Prompt
Produce a word-for-word copy of the lines from the one that contains "REE - WAGON" to the final line of the data below, with all pictures dropped.

Collected material
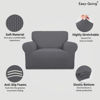 Picture of Easy-Going Stretch Oversized Chair Sofa Slipcover 1-Piece Couch Sofa Cover Furniture Protector Soft with Elastic Bottom for Kids Spandex Jacquard Fabric Small Checks Gray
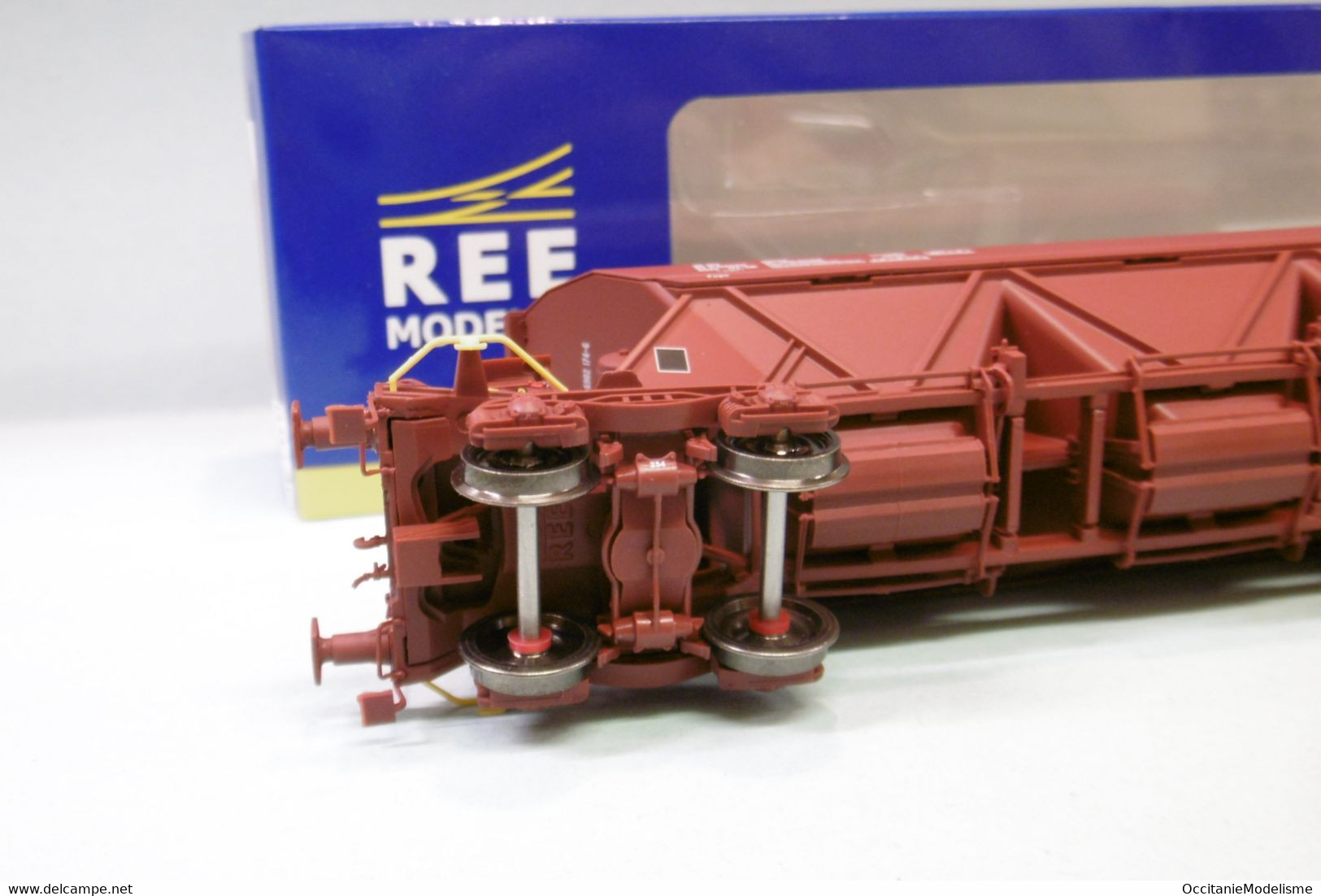 REE - WAGON TREMIE EX Type 1 Nacco Ep. V-VI SNCF Réf. WB-569 Neuf NBO HO 1/87 - Goods Waggons (wagons)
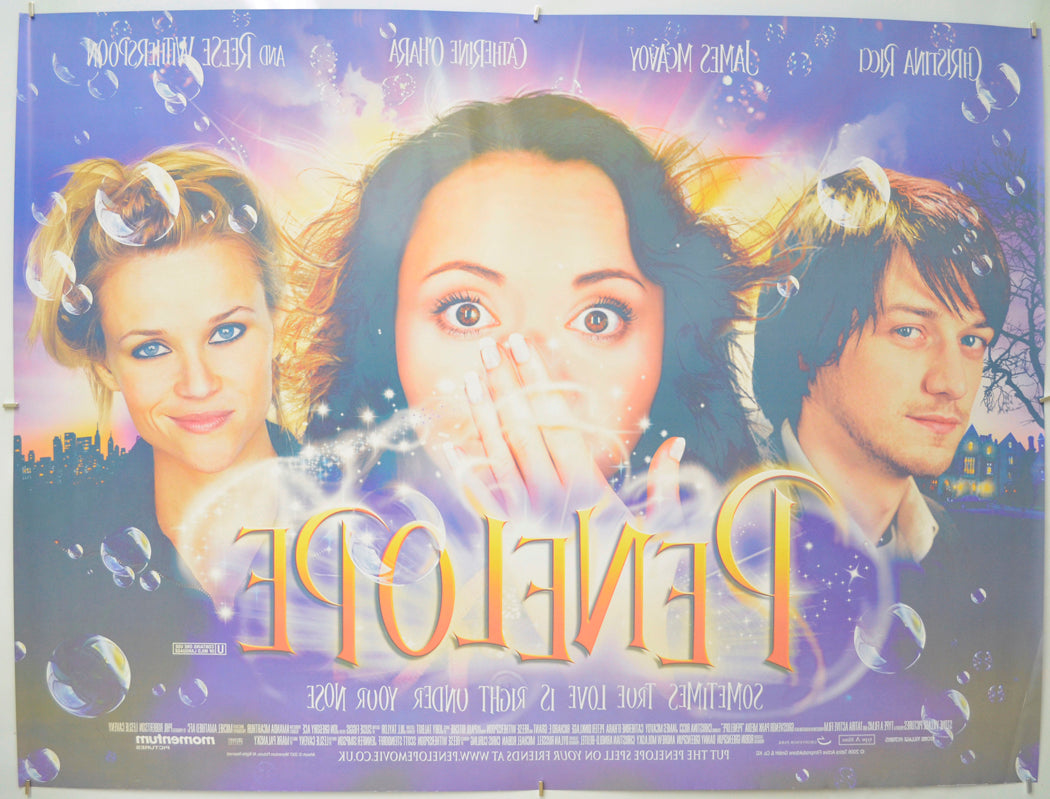 PENELOPE (Back) Cinema Quad Movie Poster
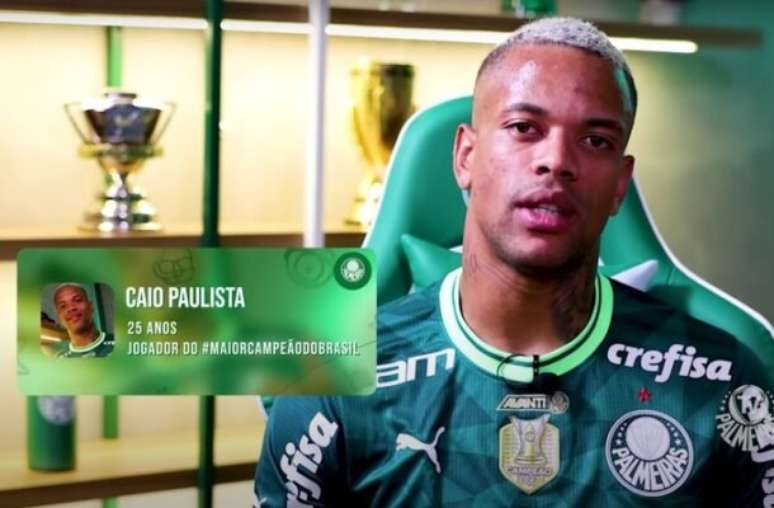 Fabio Menotti/Palmeiras - Legenda: Caio Paulista chega ao Palmeiras com a versatilidade como destaque, j&aacute; que pode atuar como atacante, lateral-esquerdo ou at&eacute; mesmo direito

Exercise solution
 REE - WAGON TREMIE EX Type 1 Nacco Ep. V-VI SNCF Réf. WB-569 Neuf NBO HO 1/87 - Goods Waggons (wagons)
 PENELOPE (Back) Cinema Quad Movie Poster
 Fabio Menotti/Palmeiras - Legenda: Caio Paulista chega ao Palmeiras com a versatilidade como destaque, j&aacute; que pode atuar como atacante, lateral-esquerdo ou at&eacute; mesmo direito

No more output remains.